Scotty: Yeah he's the only one sitting on death row. They kind of focused the whole investigation on him.
Johnny: Yeah right from the get-go to the complete and total, you know.
Scotty: We forgot to clear this up. Christopher Byers was the one whose penis was actually, basically, what, how do you even describe that?
Johnny: Well he was emasculated, his genitals were cut off, and his
Scotty: Well, his scrotal sack was cut off and the skin was removed
from his penis.
Johnny: Right.
Scotty: So.
Johnny: And the evidence suggest that he was alive while they did it because of the, the
Scotty: Entry wounds of the knife around his groin area. They were signs of struggle because the skin was ripped instead of just a clean cut. I mean these were really horrible brutal crimes to these three 8-year-olds that were most likely alive during the crime.
Johnny: And which immediately let the investigators involved, the finest of West Memphis to assume this was—
Scotty: West Memphis Arkansas
Johnny: ...definitely a satanic cult ritual. We're gonna take a look at that uh.
Scotty: The thing is, it also rings a little, you know, reminiscent to the Salem witchcraft trials, when, it's something called satanic panic I guess, and what happens is you take a small rural community and you get a bunch of people who haven't been well educated who are very religious and they can't explain something, they can't figure it out. So what they do is they either say God did it or it's the work of devil, rather than like using facts and science to try and figure out what exactly caused these problems.
Johnny: Yes, and in this particular case the devil's puns happen to be a few adolescents that wore Metallica t-shirts and had long hair and didn't quite mesh with the rest of the upstanding community in West Memphis, and
Scotty: Upstanding community in West Memphis that's—
Johnny: Damien Echols who is now on death row is a matter of fact, had been, they tried to frame him for a whole slew of different—
Scotty: Multiple things actually—
Johnny: It was just kind of like every time there was a crime in West Memphis they went straight to this guy.

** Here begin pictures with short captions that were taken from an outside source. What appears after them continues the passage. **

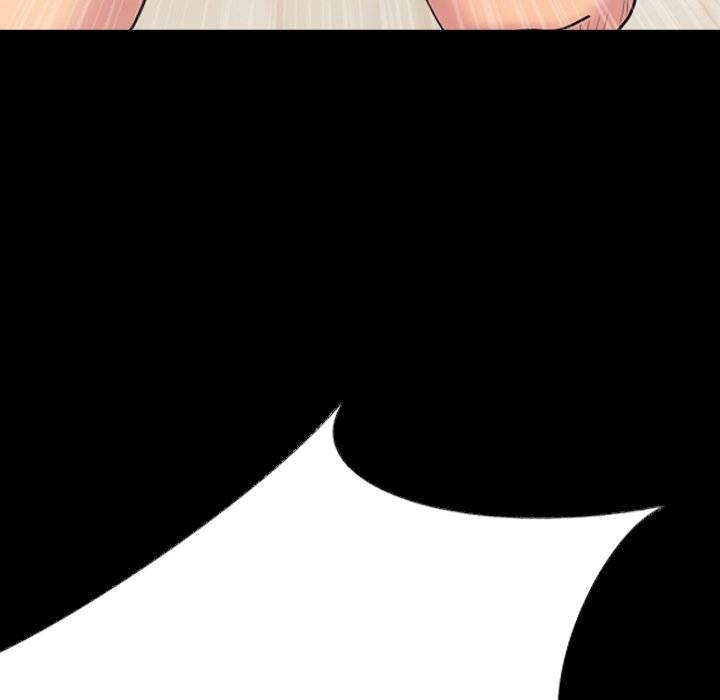 My Sister’s Secret Diary - Chapter 24 [photo 81] - MangaPorn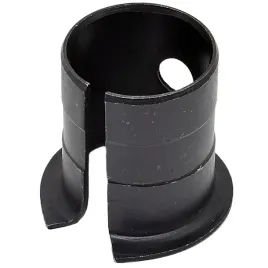 tuleja-sprezynowa-tylnej-lyzki-jcb-3cx-4cx-805-806-808-8085-65r-67c-85z-86c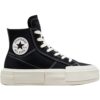 Унисекс маратонки  Chuck Taylor All Star Cruise Converse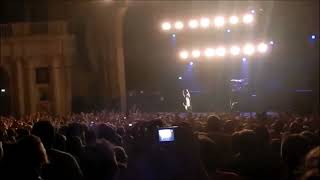 Green Day - Letterbomb  (Live Brixton Academy 2013) Multicam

Scotty: I guess like two counties over once there was a train was robbed while passing through a town. Where did they go? Damien Echols's house. They went to Damien Echols's house to try and frame him for this crime that like, why would they even think he was involved in it.
Johnny: And I think the thing that has really captured the imagination of the country about this case is that it could really happen to anybody, you got three adolescents whose only distinguishing characteristics were that they liked to wear dark clothes, they liked to listen to Metallica
Scotty: They liked to read Stephen King.
Johnny: They liked to read Stephen King, they—
Scotty: That was basically
the main pieces of evidence used in the court case was that Damien Echols copied the lyrics of Metallica into his notebook, he copied passages from Stephen King into his notebook and he wore a lot of dark clothing.
Johnny: Yeah, maybe even some eyeliner on occasions so I mean, boy—
Scotty: It was basically like—
Johnny: ...he's a killer.
Scotty: ...he was a Goth metal kid and he might have dyed his hair black or something. But, he didn't fit well in this town. And they don't like those types down there in Arkansas.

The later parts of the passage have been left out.